- **WHAT THE TASK ASKS**
Return each entry below exactly. Skip the images.

- **DATA TO PROCESS**
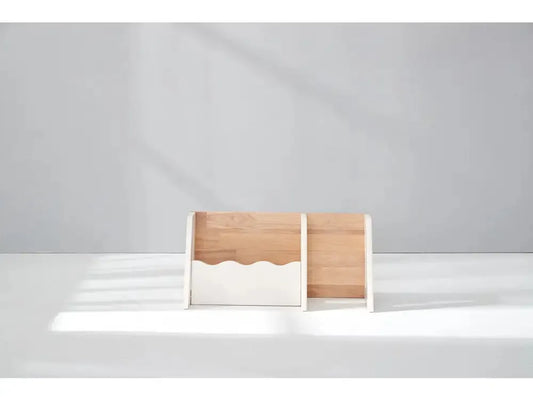Wooden desk organizer or file holder with a wavy cutout design.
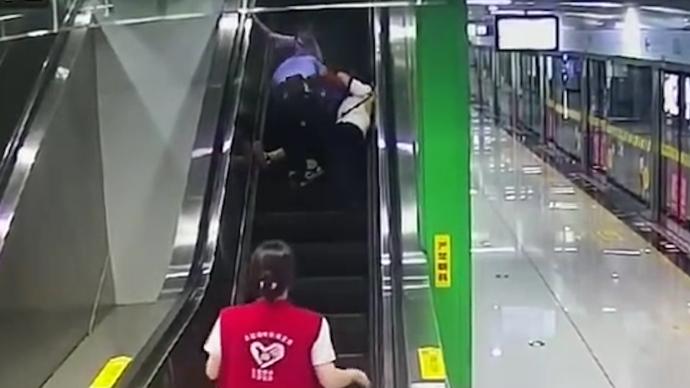 家长与孩子一起滚下扶梯，辅警冲上去用身体挡住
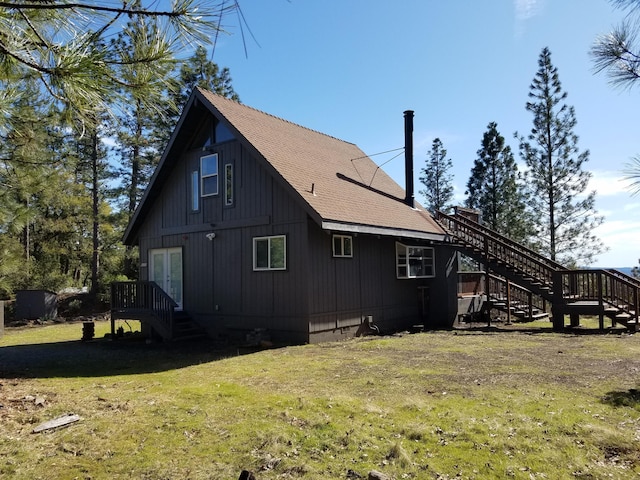 view of home's exterior featuring french doors, roof with shingles, stairs, and a lawn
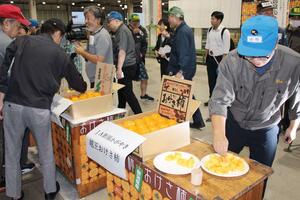 おけさ柿を試食する市場関係者ら=10月7日、新潟市江南区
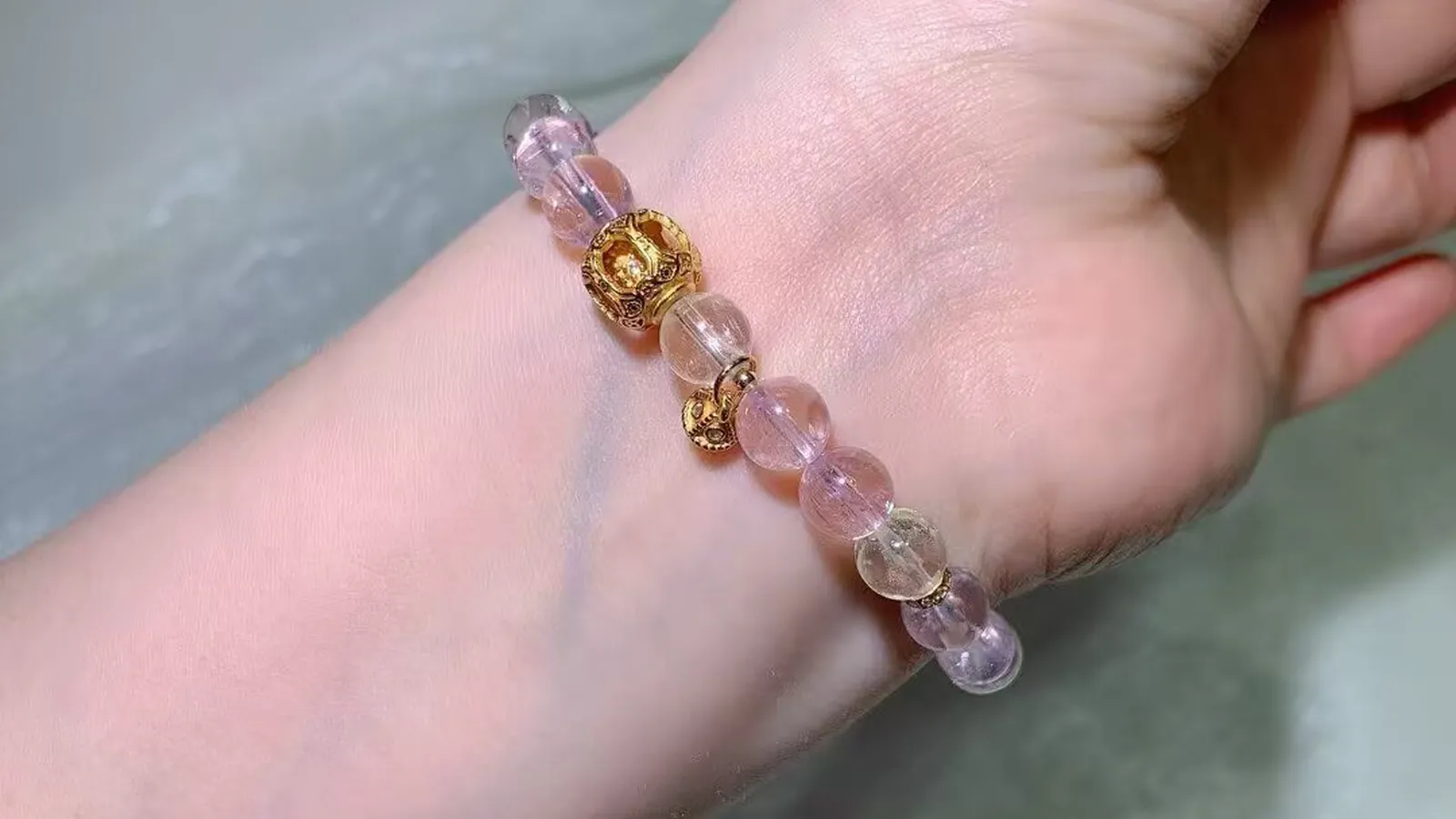 手腕上的猫眼紫锂辉手链:淡粉到淡紫的珠子,配古法饰品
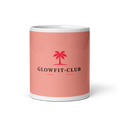 Mug rose brillant avec logo Glowfit-Club en rouge, bord intérieur blanc.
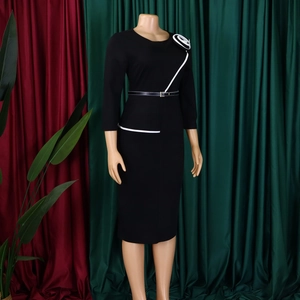 Detail of elegant pencil dress with contrast piping, floral brooch and waist belt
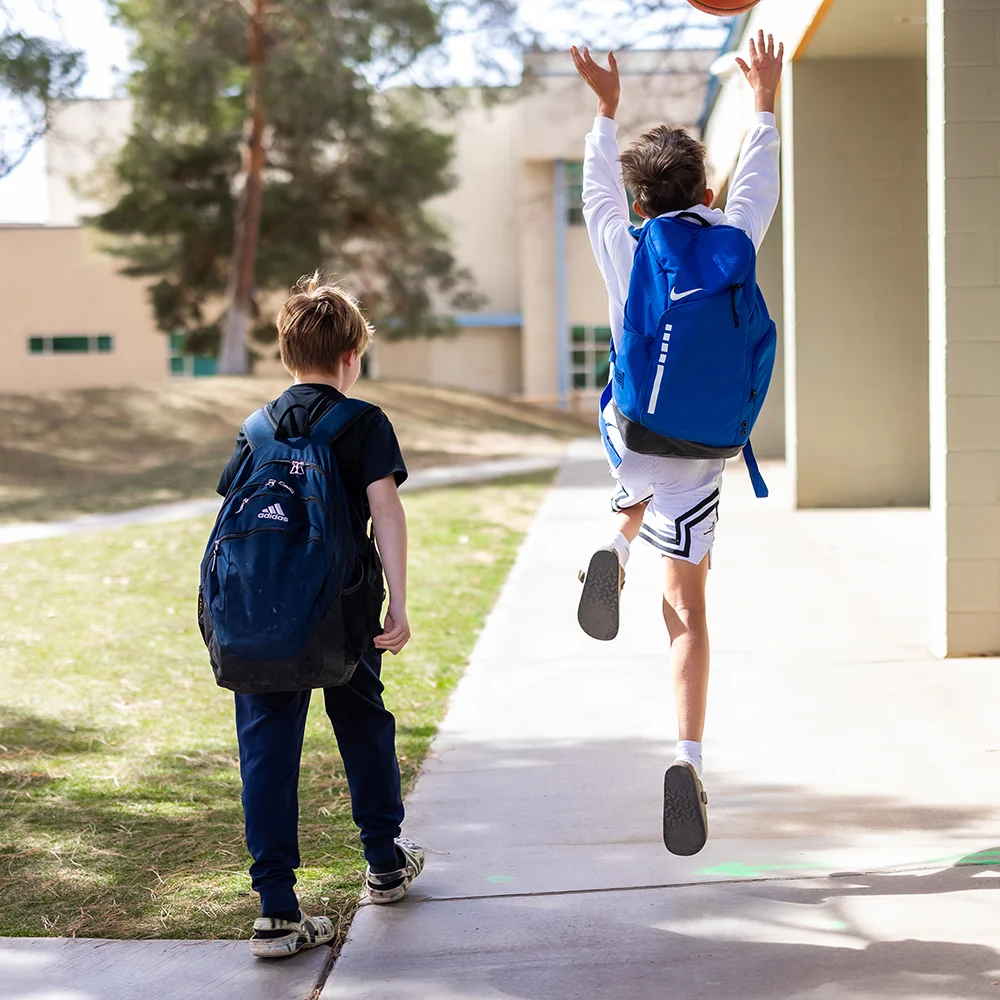 Student jumping in Quad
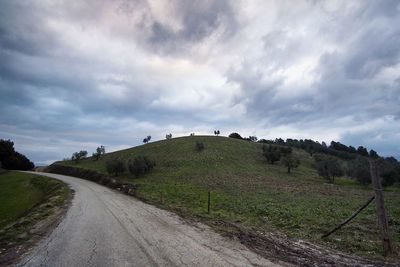Road amidst field against sky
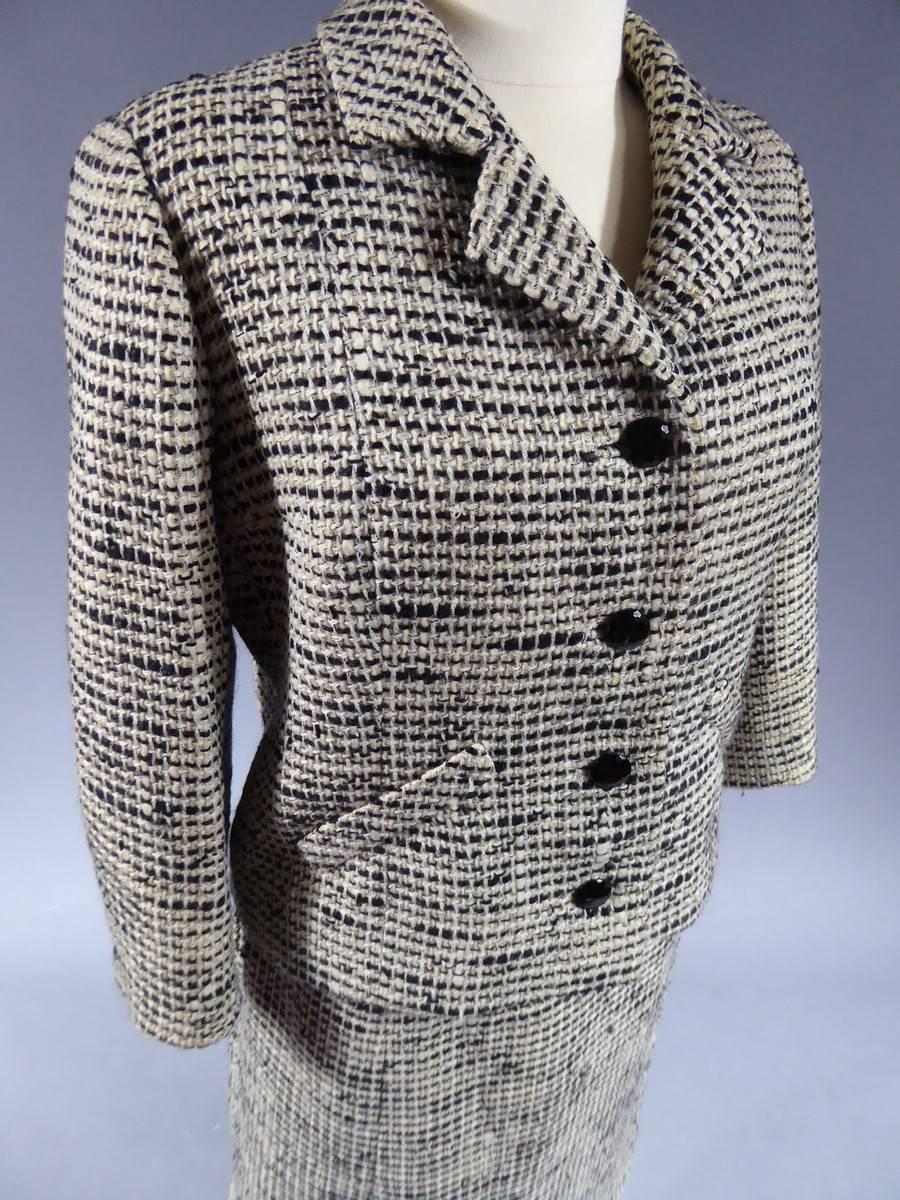 Circa 1958/1963
Spain 

Superb skirt and jacket suit from Cristobal Balenciaga labelled EISA which is the name of the Spanish branch that founded the famous Designer late 50s. Cream and black wool bottom with wide irregular weaving. Shiny faceted
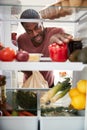 View Looking Out From Inside Of Refrigerator As Man Opens Door And Unpacks Shopping Bag Of Food Royalty Free Stock Photo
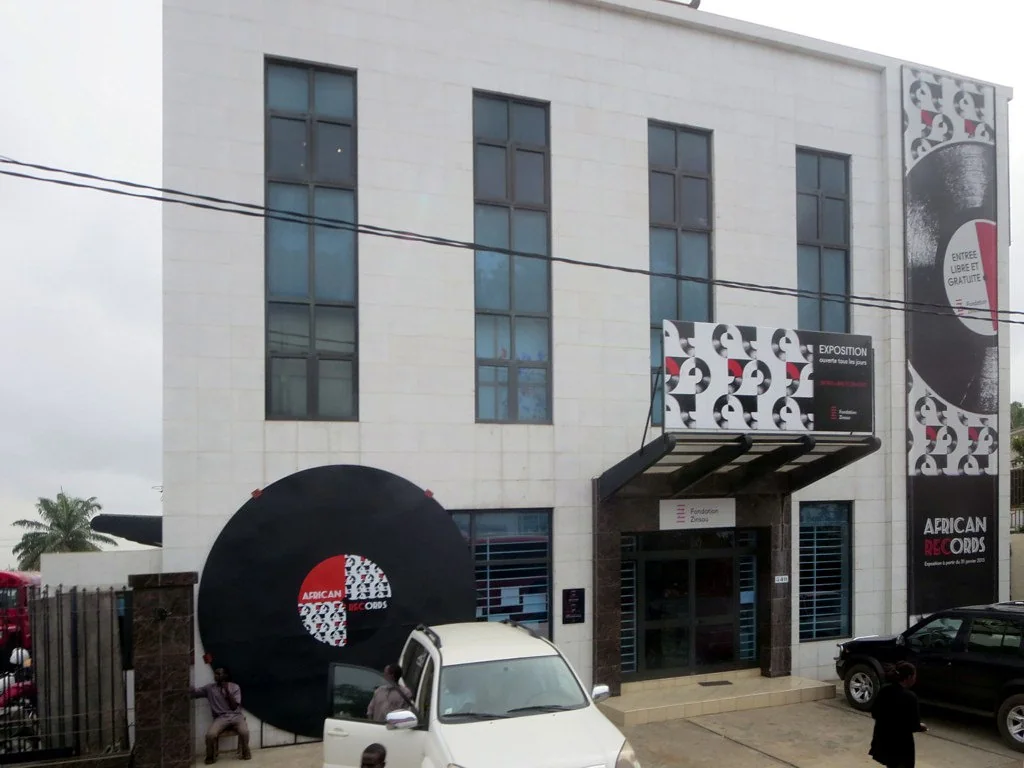 White Fondation Zinsou gallery facade with exhibition banners and an entrance canopy in Cotonou.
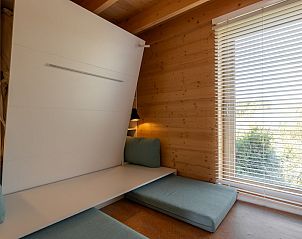 Gezellige binnenruimte van ECO Cottage in Ouddorp, Goeree-Overflakkee met houten muren en comfortabele zitplek.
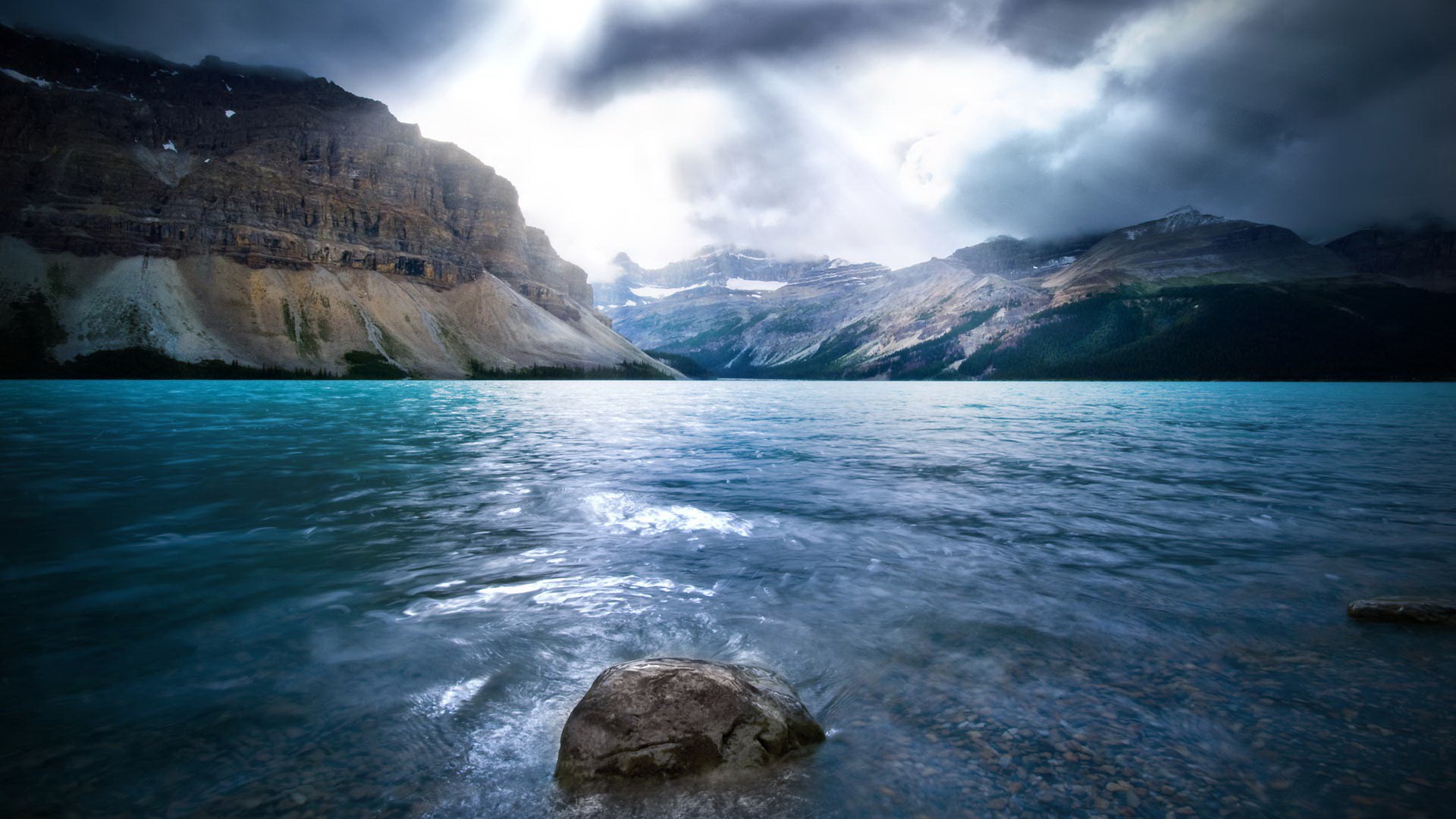 Turquoise lake and rocky mountains under cloudy sky HD Wallpaper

- **OUTPUT BELOW**
Wooden desk organizer or file holder with a wavy cutout design.
 家长与孩子一起滚下扶梯，辅警冲上去用身体挡住
 view of home's exterior featuring french doors, roof with shingles, stairs, and a lawn
 おけさ柿を試食する市場関係者ら=10月7日、新潟市江南区
 手腕上的猫眼紫锂辉手链:淡粉到淡紫的珠子,配古法饰品
 Mug rose brillant avec logo Glowfit-Club en rouge, bord intérieur blanc.
 Detail of elegant pencil dress with contrast piping, floral brooch and waist belt
 Student jumping in Quad
Road amidst field against sky
 Circa 1958/1963
Spain 

Superb skirt and jacket suit from Cristobal Balenciaga labelled EISA which is the name of the Spanish branch that founded the famous Designer late 50s. Cream and black wool bottom with wide irregular weaving. Shiny faceted
 View Looking Out From Inside Of Refrigerator As Man Opens Door And Unpacks Shopping Bag Of Food Royalty Free Stock Photo
 White Fondation Zinsou gallery facade with exhibition banners and an entrance canopy in Cotonou.
 Gezellige binnenruimte van ECO Cottage in Ouddorp, Goeree-Overflakkee met houten muren en comfortabele zitplek.
 Turquoise lake and rocky mountains under cloudy sky HD Wallpaper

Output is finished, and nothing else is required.